Olimpik sporlarda madalya artıyor
 
HAVAS SPORT ARAŞTIRMA MÜDÜRÜ GREG QUANTİN
 
Olimpik sporlarda Türk kadınlarının kazandığı madalya sayısı 2006’dan 2011’e ciddi şekilde arttı, üçten 13’e çıktı. Ancak bu toplam içinde altın madalya sayısı az olduğu için bizim her yıl yaptığımız ülkeler sıralamasındaki yeri çok ilerlemiyor. 42’incilikle 54’üncülük arasında değişiyor. Bunda Türk kadınlarının dünya şampiyonalarında sadece beş-altı dalda madalya kazanması da rol oynuyor. Daha fazla sayıda olimpik dalda madalya kazanırlarsa Türkiye’nin sıralamadaki yeri de olumlu yönde değişir.
 
GENÇLER DE GELİYOR
 
Henüz ikinci planda görünen spor dallarına da dikkat: Teniste İpek Soylu (15) dünya gençler sıralamasında 75’inciliğe kadar yükseldi. Keza yüzmede Hazal Sarıkaya (15) yaşıtları arasında Avrupa’daki en iyilerden biri.

3 SORU İŞARETİ
 
* Kadınlar başarılı ama sporun yönetiminde çok az paya sahipler.

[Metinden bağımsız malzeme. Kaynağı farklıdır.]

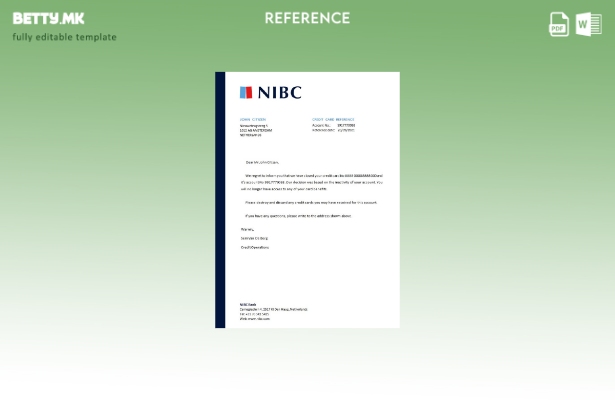 Референтен шаблон за затворање банка во модерен стил Холандија NIBC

Niye yönetici ve antrenör olarak daha fazla varlık göstemeleri için ne lazım?
 
* Türkiye’deki yabancı sayısının çokluğu başta basketbol olmak üzere acaba Türk gençlerinin önünü keser mi?
 
* Lig maçlarında seyirci azlığı ve medyadaki görünürlüğün düşük olması sponsorları küstürür mü?

Hürriyet Pazar/Alp Ulagay

 


Haberi Paylaş

Comments are closed.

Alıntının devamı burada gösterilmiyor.